▸ **RAW DATA**
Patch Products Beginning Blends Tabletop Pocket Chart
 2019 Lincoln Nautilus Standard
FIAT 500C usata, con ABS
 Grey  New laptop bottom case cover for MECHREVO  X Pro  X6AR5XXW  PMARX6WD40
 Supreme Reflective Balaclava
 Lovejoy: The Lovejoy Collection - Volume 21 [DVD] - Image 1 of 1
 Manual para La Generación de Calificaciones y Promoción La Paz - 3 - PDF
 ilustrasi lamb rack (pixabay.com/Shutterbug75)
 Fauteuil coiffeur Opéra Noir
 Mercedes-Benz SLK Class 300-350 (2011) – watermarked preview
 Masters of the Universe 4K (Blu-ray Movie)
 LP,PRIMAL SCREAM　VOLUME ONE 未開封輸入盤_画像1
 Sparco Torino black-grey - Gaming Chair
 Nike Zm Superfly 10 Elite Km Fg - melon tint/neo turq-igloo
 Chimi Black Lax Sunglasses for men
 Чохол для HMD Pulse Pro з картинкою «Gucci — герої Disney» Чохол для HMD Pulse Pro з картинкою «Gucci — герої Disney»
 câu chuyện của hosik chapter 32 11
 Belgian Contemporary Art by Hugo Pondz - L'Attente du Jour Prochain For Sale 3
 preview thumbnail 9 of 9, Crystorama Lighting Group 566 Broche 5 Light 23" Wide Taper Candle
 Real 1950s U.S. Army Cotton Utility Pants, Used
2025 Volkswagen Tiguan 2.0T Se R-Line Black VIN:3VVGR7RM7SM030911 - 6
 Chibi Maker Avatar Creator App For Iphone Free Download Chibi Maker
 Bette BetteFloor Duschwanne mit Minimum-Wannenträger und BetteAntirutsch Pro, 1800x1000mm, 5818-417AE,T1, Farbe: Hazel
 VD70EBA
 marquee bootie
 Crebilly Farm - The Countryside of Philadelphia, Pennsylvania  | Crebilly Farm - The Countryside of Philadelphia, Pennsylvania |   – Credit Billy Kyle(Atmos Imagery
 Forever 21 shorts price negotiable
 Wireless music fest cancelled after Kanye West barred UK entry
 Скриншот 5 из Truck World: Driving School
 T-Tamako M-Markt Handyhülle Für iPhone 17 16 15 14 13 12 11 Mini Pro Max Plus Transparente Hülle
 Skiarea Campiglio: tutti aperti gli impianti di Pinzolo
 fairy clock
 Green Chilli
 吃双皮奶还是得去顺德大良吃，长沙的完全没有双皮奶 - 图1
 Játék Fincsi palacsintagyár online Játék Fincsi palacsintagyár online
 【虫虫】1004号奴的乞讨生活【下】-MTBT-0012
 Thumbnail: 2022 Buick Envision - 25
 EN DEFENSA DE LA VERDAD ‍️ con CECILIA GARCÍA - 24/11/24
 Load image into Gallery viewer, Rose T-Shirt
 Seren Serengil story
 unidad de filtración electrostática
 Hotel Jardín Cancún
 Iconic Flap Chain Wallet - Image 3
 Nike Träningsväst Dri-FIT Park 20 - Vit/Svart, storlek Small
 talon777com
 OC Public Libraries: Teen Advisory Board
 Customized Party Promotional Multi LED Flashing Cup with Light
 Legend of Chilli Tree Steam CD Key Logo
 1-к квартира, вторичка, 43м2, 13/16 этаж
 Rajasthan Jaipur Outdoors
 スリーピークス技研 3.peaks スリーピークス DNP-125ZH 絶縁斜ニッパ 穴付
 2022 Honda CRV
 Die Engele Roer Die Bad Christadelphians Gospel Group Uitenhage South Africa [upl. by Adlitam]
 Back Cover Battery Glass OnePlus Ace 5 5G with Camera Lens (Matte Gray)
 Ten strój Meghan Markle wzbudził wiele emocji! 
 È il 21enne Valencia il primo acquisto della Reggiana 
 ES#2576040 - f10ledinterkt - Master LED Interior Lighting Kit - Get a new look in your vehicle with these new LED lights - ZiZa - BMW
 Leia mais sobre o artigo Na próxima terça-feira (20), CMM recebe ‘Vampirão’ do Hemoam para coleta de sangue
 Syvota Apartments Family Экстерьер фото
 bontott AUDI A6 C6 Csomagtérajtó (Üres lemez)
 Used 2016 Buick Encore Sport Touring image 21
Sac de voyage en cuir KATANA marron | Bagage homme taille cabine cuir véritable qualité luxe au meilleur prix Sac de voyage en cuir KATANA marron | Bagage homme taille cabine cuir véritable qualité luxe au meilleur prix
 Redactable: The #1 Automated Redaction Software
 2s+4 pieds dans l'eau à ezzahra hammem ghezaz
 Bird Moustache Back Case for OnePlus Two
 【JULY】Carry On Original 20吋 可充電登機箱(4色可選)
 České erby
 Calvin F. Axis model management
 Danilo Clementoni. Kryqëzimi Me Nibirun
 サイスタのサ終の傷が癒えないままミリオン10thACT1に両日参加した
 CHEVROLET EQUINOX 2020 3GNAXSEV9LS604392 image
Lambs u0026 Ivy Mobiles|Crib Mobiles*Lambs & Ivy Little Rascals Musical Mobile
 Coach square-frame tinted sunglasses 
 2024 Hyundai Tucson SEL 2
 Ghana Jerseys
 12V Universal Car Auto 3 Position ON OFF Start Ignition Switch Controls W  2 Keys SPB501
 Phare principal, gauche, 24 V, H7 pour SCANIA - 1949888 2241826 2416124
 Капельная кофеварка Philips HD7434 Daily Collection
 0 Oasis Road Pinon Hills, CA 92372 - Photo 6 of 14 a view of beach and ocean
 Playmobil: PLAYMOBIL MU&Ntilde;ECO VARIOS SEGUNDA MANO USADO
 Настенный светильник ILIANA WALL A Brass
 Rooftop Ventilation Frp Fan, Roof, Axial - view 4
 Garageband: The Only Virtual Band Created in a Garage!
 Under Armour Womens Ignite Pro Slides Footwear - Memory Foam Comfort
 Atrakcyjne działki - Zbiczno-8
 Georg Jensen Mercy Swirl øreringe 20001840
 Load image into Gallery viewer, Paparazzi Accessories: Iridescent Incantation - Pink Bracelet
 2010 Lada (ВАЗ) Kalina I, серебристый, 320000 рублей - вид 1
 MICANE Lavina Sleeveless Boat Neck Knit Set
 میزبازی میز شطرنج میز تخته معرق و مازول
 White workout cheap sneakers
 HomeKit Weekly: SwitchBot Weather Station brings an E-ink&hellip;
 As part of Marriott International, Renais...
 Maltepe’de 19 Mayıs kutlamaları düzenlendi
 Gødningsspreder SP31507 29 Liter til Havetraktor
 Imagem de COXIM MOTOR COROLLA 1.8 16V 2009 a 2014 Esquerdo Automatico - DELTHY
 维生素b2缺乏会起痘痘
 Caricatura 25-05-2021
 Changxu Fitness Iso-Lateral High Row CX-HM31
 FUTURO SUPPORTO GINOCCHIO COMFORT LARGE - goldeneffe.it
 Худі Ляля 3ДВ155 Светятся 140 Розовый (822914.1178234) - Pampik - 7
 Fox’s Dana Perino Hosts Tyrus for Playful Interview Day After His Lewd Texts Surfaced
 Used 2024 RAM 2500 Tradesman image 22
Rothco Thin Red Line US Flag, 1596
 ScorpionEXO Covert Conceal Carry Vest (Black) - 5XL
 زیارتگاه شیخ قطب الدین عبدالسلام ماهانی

▸ **WHAT TO WORK ON**
Look above for the line with "T-Tamako M-Markt Handyhülle" and the line with "Hotel Jardín Cancún". Retype those two lines and every line between them exactly, adding nothing.

▸ **REPLY**
 T-Tamako M-Markt Handyhülle Für iPhone 17 16 15 14 13 12 11 Mini Pro Max Plus Transparente Hülle
 Skiarea Campiglio: tutti aperti gli impianti di Pinzolo
 fairy clock
 Green Chilli
 吃双皮奶还是得去顺德大良吃，长沙的完全没有双皮奶 - 图1
 Játék Fincsi palacsintagyár online Játék Fincsi palacsintagyár online
 【虫虫】1004号奴的乞讨生活【下】-MTBT-0012
 Thumbnail: 2022 Buick Envision - 25
 EN DEFENSA DE LA VERDAD ‍️ con CECILIA GARCÍA - 24/11/24
 Load image into Gallery viewer, Rose T-Shirt
 Seren Serengil story
 unidad de filtración electrostática
 Hotel Jardín Cancún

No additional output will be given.